Whatever we call it – the eucharist, mass, holy communion, the Lord’s Supper – it’s at the heart of Christian life together. Eating bread – or a wafer – and drinking wine – or non-alcoholic grape juice – is at the very least a family meal. Depending on our church tradition, it might be more than that. Catholics believe the bread and wine become the body and blood of the Lord Jesus Christ in a literal sense. Protestants generally don’t, but they have quite a broad view of what happens at communion, all the way from a kind of ‘real presence’ to seeing the bread and wine as simply a memorial.

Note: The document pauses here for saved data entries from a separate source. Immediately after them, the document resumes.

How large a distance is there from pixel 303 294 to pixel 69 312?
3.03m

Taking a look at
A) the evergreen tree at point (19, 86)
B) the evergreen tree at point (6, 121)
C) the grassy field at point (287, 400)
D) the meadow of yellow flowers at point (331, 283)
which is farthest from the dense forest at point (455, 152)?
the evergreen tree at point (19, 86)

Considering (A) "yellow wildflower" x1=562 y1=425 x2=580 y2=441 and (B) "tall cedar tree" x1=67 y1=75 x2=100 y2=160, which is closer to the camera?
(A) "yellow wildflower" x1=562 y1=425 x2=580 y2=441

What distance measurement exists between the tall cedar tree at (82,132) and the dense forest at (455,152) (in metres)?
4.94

But whatever we believe about communion, it’s a very significant thing. In his first letter to the Corinthians, Paul says: ‘Everyone ought to examine themselves before they eat of the bread and drink of the cup. For those who eat and drink without discerning the body of Christ eat and drink judgment on themselves. That is why many among you are weak and sick, and a number of you have fallen asleep’ (1 Corinthians 11: 28-30).
In some churches this has been taken to mean communion should be a rare and special event, celebrated perhaps only once a year and preceded by fasting and confession. For others, it’s a routine part of worship celebrated every Sunday.

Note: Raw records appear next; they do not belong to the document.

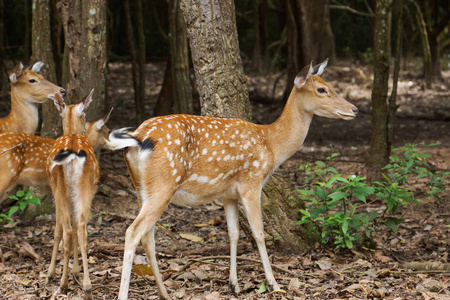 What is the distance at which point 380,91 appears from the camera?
818cm

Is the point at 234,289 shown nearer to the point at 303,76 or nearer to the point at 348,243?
the point at 348,243

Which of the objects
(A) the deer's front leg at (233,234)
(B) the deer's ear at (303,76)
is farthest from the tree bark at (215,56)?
(A) the deer's front leg at (233,234)

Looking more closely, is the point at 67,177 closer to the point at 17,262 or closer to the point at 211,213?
the point at 17,262

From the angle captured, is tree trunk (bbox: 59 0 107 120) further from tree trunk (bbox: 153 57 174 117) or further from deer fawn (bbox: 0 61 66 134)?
Result: tree trunk (bbox: 153 57 174 117)

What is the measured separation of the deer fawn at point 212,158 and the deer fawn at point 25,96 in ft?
10.5

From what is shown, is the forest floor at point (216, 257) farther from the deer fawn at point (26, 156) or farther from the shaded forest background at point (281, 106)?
the deer fawn at point (26, 156)

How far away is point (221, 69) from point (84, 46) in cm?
230

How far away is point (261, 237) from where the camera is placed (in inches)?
222

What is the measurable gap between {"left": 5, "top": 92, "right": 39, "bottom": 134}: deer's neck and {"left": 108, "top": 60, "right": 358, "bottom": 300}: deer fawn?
3.35m

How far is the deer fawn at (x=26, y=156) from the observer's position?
21.9 feet

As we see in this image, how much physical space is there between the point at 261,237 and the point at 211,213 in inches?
116

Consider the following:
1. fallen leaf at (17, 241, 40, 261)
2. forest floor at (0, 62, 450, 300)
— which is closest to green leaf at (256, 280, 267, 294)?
forest floor at (0, 62, 450, 300)

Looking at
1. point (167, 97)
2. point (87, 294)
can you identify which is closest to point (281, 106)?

Either way, it is a gift and a blessing to the Church. But is it ever right for believers not to take communion? The answer is very challenging. According to Scripture, there is only one reason not to take part in the family meal, and that is when family relationships have broken down. In other words, if we are in a state of unresolved conflict and unforgiveness with a brother or sister in Christ.

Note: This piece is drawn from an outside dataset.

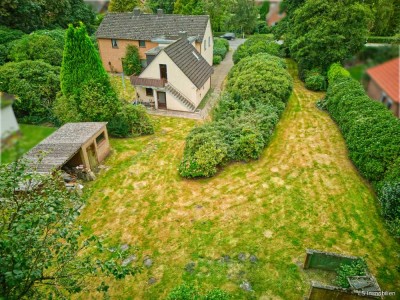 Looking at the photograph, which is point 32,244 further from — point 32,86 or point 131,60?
point 131,60

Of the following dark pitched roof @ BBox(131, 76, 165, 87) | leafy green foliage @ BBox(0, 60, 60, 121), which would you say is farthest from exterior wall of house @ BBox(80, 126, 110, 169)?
dark pitched roof @ BBox(131, 76, 165, 87)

Paul says: ‘So then, whoever eats the bread or drinks the cup of the Lord in an unworthy manner will be guilty of sinning against the body and blood of the Lord’ (1 Corinthians 11:27). It’s easy to take this as referring generally to sinfulness and sinful acts. But in context, that’s not what it means. Paul has been talking to the Corinthians about their relationships and criticising the divisions among them. It was not a happy church. So when he talks about bringing judgment on themselves because they don’t discern the body of Christ, it isn’t the bread of communion he’s talking about, but the church. When we are angry, jealous, neglectful or contemptuous of a fellow-believer at communion, we are eating and drinking in an unworthy manner.
This is a great challenge to us, because it means we are responsible for being reconciled with our neighbours before we take communion. Jesus hints at this in the Sermon on the Mount: ‘Therefore, if you are offering your gift at the altar and there remember that your brother or sister has something against you, leave your gift there in front of the altar. First go and be reconciled to that person; then come and offer your gift’ (Matthew 5:23).
It is also a great comfort, because it means there is room at the table for sinners. That doesn’t mean we should be easy about serious, unconfessed sin – arguably, that is itself a breach of Christian fellowship, even if no one else knows about it, because we are accountable to one another. But it means that while we should always examine ourselves and be penitent for what we’ve done wrong – and particularly at communion – we don’t have to reach a particular standard of righteousness before we can eat bread and drink wine. When we share a meal with our ordinary family, we can look round the table and know everyone’s faults – but we know we are loved and accepted anyway, and it’s the same with communion. The bread and wine speak of Christ dying to bring us into God’s family, and he wants us to join him at his table.